Extracted material START

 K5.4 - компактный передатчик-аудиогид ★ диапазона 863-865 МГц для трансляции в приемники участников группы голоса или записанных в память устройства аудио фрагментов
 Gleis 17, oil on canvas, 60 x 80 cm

Extracted material END
Extracted material START

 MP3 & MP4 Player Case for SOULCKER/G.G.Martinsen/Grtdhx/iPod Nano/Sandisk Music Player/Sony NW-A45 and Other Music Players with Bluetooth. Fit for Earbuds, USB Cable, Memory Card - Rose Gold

Extracted material END

= Task goal =
Only the lines above from the line with "K5.4 - компактный" to the line with "Gleis 17, oil on canvas, 60 x 80 cm", those two lines included, should be reproduced exactly.

= Completed task =
 K5.4 - компактный передатчик-аудиогид ★ диапазона 863-865 МГц для трансляции в приемники участников группы голоса или записанных в память устройства аудио фрагментов
 Gleis 17, oil on canvas, 60 x 80 cm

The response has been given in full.